Traditional Chinese acupuncture is a form of alternative medicine that originated in China. It involves the insertion of fine needles into specific points on the body to restore balance and promote healing. The practice is based on the belief that the body has a natural energy flow, or qi, that can become disrupted, leading to pain and illness. By stimulating certain points with needles, acupuncture is believed to help restore the proper flow of energy and promote overall health and well-being.
When the needle punctures the skin, there may be a slight stinging sensation. Experienced Traditional Chinese acupuncturists, however, will typically feel very little pain when inserting the needle. Once the needle is in place, there should be no stinging sensation. Rather, the patient may feel a sensation known as Deqi, which can manifest as local heaviness, soreness, numbness, or radiating along a line.
Depending on the condition being treated, the acupuncturist may intentionally create different sensations for the patient. For example, if the disease is a new one, the acupuncturist may create a stronger needle sensation to address the issue. If the patient is weak, a lighter acupuncture sensation plus heat therapy may be used to replenish energy.
Overall, the sensation of Deqi is not unpleasant and many people even find it enjoyable after trying it once. In fact, the effectiveness of the treatment is sometimes measured by the patient’s experience of the needle sensation. On the contrary, if there is no needle sensation at all during treatment, it may be an indication that something is not working as intended.
Traditional Chinese medicine includes a type of massage called Tui Na. According to TCM, the human body has many layers, and the meridians are located in the spaces between muscles, bones, and tendons. These meridians are like pipelines that transport energy from the body’s deep layers to the surface. The energy can only be reached at specific points, known as acupuncture points. Massaging the muscles alone is insufficient in accessing the body’s deep layers. Acupuncture needles, as good conductors, can be used at specific points to improve the balance of the body’s internal organs. Therefore, Traditional Chinese acupuncture can be an effective treatment method for many severe diseases.
For children under the age of 5, their meridians are closer to the surface of the body, and therefore they do not need acupuncture. They can be treated with pediatric tuina massage, which is a simple touch of the finger. In China, pediatric tuina massage is popular for treating children’s colds, fevers, diarrhea, and coughs. However, after the age of 5, the energy of the human body becomes increasingly restrained, and the effect of pediatric massage is reduced. By the age of 12, pediatric massage is almost entirely ineffective.
Each treatment method has its own range of applications. For instance, if a person’s muscles are very tight, the effect of acupuncture will be influenced. In such cases, cupping is typically used to loosen the muscles BEFORE the acupuncture.

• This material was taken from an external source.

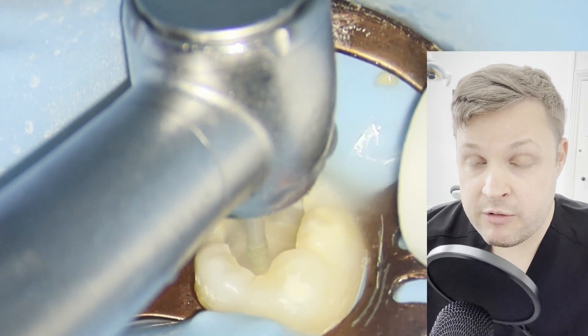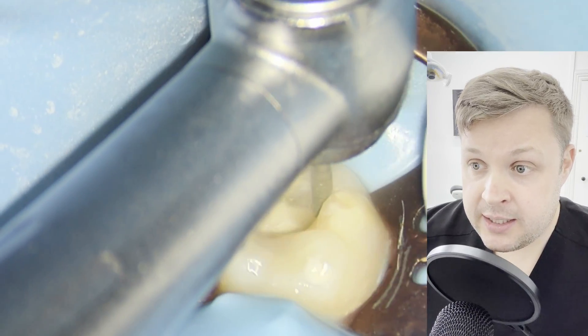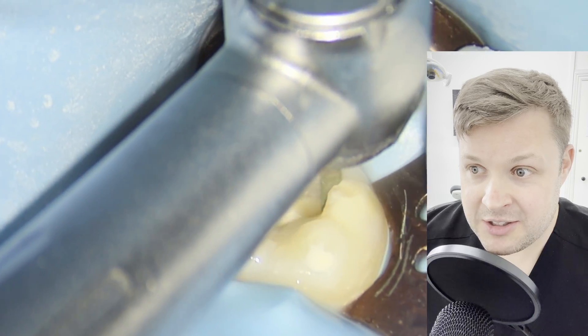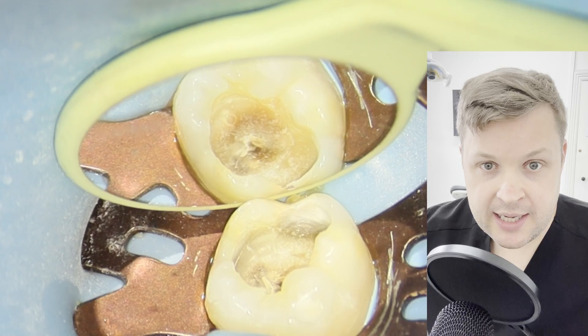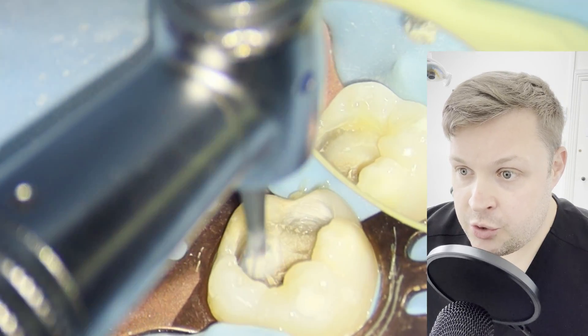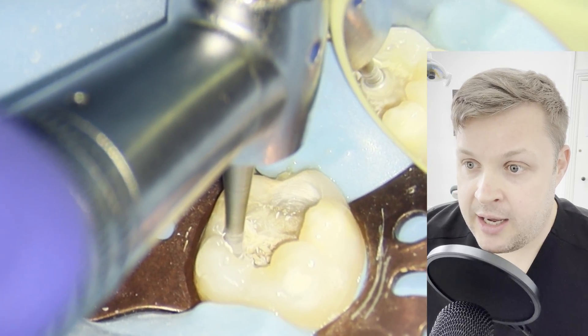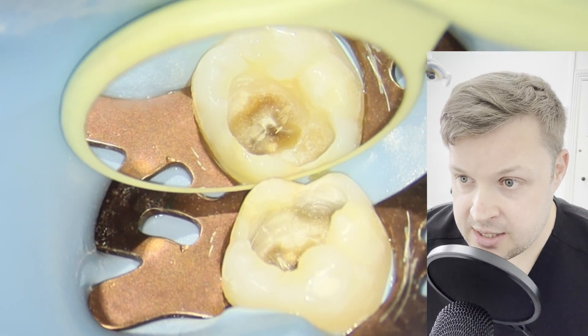Once I've removed the vast majority of the decay, I want to remove some of the undermined enamel around the edges of the cavity. This helps with the strength of the filling over time, and also helps to visualize where we are. I'm using the slow handpiece to gently remove the decay around the outer part of the cavity.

Moreover, according to TCM theory, different organs are responsible for different tissues on the surface of the body and for different emotions. The lung governs the skin, and is responsible for sadness. Therefore, for depression, we commonly use Tui Na, which is often very effective.
Lastly, in the case of simple muscle pain, acupuncture alone may not suffice for skeletal deformities, and muscle relaxation therapy(massage) may also be needed.
Acupuncture is generally appropriate for most individuals. It can be used as a treatment or healthcare option for those in good health, with minor health issues, or in a diseased state. However, there are certain conditions for which acupuncture is not recommended. These include, but are not limited to, the following:
1. Patients with leukemia are not recommended to receive acupuncture.
2. Patients who are excessively tired, hungry should not receive immediate needling and should be treated after they have recovered.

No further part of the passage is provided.